§ **Saved entries**
++++++
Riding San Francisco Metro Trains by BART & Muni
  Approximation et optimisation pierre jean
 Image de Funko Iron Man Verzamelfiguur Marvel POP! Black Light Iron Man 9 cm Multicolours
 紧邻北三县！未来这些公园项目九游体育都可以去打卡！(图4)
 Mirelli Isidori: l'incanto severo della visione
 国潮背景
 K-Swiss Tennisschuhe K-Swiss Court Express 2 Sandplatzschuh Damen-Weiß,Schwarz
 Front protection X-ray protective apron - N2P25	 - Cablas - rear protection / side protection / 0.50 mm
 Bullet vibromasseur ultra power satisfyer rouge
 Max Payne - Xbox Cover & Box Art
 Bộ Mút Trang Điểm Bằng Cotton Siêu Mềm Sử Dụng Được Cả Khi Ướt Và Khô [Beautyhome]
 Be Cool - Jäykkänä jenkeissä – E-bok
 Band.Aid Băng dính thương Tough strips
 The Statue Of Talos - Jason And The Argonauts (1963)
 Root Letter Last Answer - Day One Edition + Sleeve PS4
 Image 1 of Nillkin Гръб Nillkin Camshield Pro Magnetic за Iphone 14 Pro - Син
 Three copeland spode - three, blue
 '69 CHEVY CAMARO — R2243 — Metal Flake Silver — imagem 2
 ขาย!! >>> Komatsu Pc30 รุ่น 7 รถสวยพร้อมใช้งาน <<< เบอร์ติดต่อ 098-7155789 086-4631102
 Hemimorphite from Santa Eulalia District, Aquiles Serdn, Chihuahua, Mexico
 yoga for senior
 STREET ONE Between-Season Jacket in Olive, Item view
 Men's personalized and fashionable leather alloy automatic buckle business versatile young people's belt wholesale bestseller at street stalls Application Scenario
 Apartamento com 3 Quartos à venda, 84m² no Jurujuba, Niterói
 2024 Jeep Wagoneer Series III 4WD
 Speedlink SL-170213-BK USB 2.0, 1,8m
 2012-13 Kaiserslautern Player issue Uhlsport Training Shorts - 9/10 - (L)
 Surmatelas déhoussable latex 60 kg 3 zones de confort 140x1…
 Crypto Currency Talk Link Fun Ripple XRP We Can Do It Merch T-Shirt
++++++
§ **Work task**
Exactly the lines above from the one with "Mirelli Isidori: l'incanto" to the one with "STREET ONE Between-Season", both included, are to be quoted; leave the rest out.

§ **Written solution**
 Mirelli Isidori: l'incanto severo della visione
 国潮背景
 K-Swiss Tennisschuhe K-Swiss Court Express 2 Sandplatzschuh Damen-Weiß,Schwarz
 Front protection X-ray protective apron - N2P25	 - Cablas - rear protection / side protection / 0.50 mm
 Bullet vibromasseur ultra power satisfyer rouge
 Max Payne - Xbox Cover & Box Art
 Bộ Mút Trang Điểm Bằng Cotton Siêu Mềm Sử Dụng Được Cả Khi Ướt Và Khô [Beautyhome]
 Be Cool - Jäykkänä jenkeissä – E-bok
 Band.Aid Băng dính thương Tough strips
 The Statue Of Talos - Jason And The Argonauts (1963)
 Root Letter Last Answer - Day One Edition + Sleeve PS4
 Image 1 of Nillkin Гръб Nillkin Camshield Pro Magnetic за Iphone 14 Pro - Син
 Three copeland spode - three, blue
 '69 CHEVY CAMARO — R2243 — Metal Flake Silver — imagem 2
 ขาย!! >>> Komatsu Pc30 รุ่น 7 รถสวยพร้อมใช้งาน <<< เบอร์ติดต่อ 098-7155789 086-4631102
 Hemimorphite from Santa Eulalia District, Aquiles Serdn, Chihuahua, Mexico
 yoga for senior
 STREET ONE Between-Season Jacket in Olive, Item view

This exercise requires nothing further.